RECORDS PROVIDED: Begin

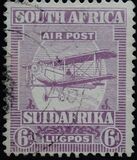 [Airmail - Airplanes, Tip C2]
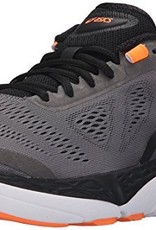 asics 33 m 2 asics 33 m 2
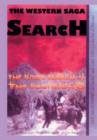 Image for The Western Saga Search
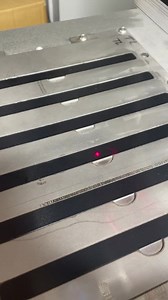 472 reactions · 69 shares | Help us honor the 22 vets a day that take their own lives with this laser engraved wristband with 22 stars. ⭐ We just created our best-selling 22 A Day band in stainless steel and black aluminum. Now stronger, lasts longer, and looks amazing. Get yours here -> https://bit.ly/3yypNUB | Til Valhalla Project | Facebook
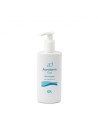 Acniderm Crema Dermoprotectora 50g Cpi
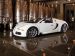 Bugatti Veyron Grand Sport Production Picture #0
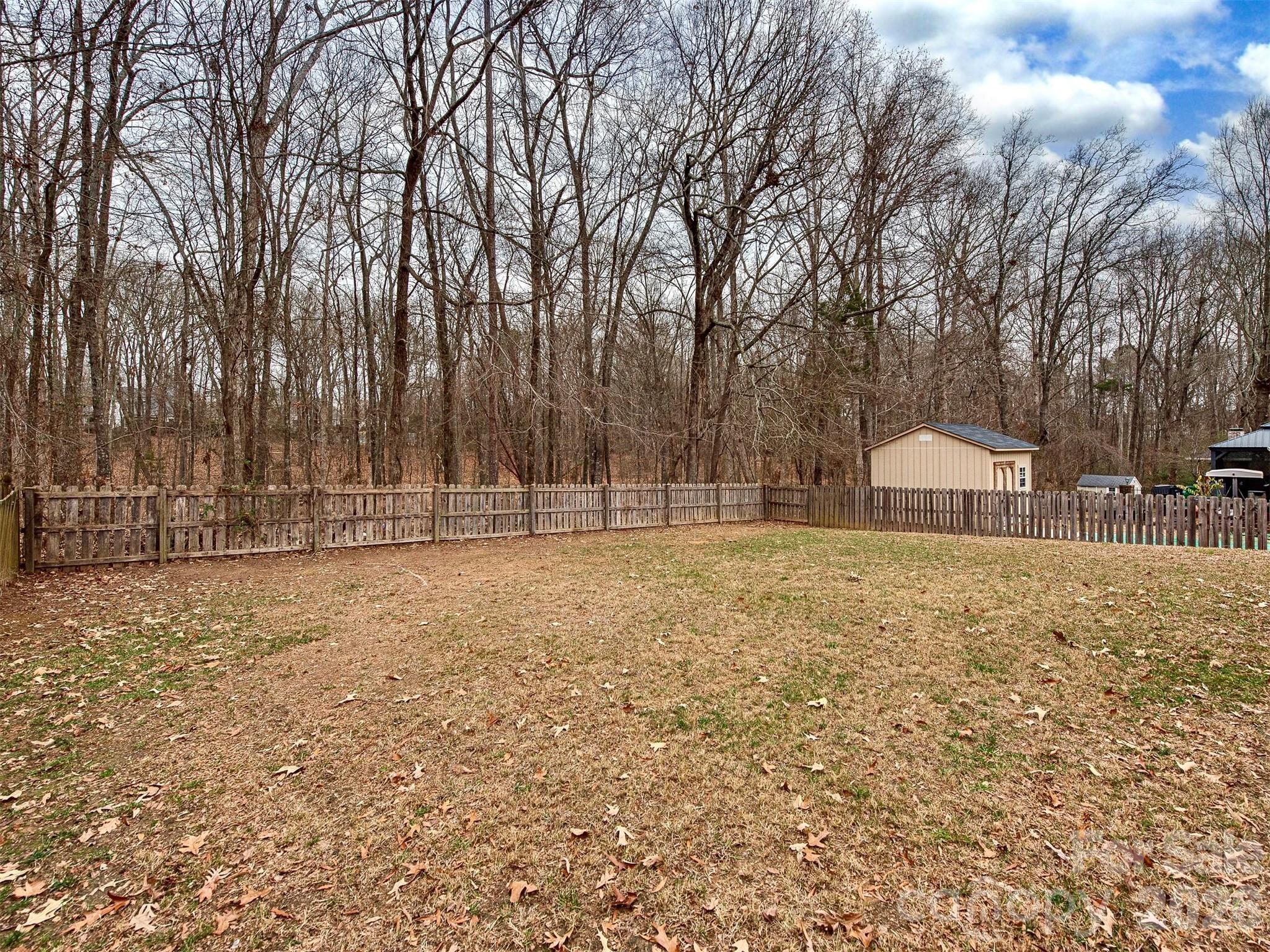 3846 Cameron Creek Drive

RECORDS PROVIDED: End

▸ **ABOUT THIS EXERCISE**: The data is to be printed again exactly, but without its pictures.

▸ **ANSWER SECTION**:
 [Airmail - Airplanes, Tip C2]
 asics 33 m 2 asics 33 m 2
 Image for The Western Saga Search
 472 reactions · 69 shares | Help us honor the 22 vets a day that take their own lives with this laser engraved wristband with 22 stars. ⭐ We just created our best-selling 22 A Day band in stainless steel and black aluminum. Now stronger, lasts longer, and looks amazing. Get yours here -> https://bit.ly/3yypNUB | Til Valhalla Project | Facebook
 Acniderm Crema Dermoprotectora 50g Cpi
 Bugatti Veyron Grand Sport Production Picture #0
 3846 Cameron Creek Drive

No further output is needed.